◆ INFORMATION GIVEN:
"""

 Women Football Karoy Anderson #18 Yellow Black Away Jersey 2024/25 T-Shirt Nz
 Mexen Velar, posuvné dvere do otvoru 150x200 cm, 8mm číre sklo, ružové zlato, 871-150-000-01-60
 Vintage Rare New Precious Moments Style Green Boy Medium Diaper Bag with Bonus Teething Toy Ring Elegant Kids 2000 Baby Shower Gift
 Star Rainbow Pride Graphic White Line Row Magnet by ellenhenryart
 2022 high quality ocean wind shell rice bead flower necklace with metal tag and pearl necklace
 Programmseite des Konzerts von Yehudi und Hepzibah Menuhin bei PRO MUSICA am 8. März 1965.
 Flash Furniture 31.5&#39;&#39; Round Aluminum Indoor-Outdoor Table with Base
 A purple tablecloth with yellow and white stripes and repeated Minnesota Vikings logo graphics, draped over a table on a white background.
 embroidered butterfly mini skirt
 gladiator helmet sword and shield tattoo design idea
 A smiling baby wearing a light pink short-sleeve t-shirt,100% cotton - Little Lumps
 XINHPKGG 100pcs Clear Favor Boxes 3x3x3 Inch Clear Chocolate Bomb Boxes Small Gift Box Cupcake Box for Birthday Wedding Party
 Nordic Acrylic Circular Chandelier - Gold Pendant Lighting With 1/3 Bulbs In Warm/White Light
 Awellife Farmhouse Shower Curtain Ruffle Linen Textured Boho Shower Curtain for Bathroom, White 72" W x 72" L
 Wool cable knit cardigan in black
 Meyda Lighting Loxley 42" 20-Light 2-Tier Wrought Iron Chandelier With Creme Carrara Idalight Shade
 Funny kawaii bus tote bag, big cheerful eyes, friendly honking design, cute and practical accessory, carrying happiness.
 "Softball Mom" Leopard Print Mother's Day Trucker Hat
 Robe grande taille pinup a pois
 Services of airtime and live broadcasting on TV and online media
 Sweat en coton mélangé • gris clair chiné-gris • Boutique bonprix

"""

◆ PROBLEM REQUIREMENTS:
Only the lines from the one with "Wool cable knit cardigan in black" to the end of the listing are wanted. Print them exactly, keeping both ends.

◆ RESPONSE BELOW:
 Wool cable knit cardigan in black
 Meyda Lighting Loxley 42" 20-Light 2-Tier Wrought Iron Chandelier With Creme Carrara Idalight Shade
 Funny kawaii bus tote bag, big cheerful eyes, friendly honking design, cute and practical accessory, carrying happiness.
 "Softball Mom" Leopard Print Mother's Day Trucker Hat
 Robe grande taille pinup a pois
 Services of airtime and live broadcasting on TV and online media
 Sweat en coton mélangé • gris clair chiné-gris • Boutique bonprix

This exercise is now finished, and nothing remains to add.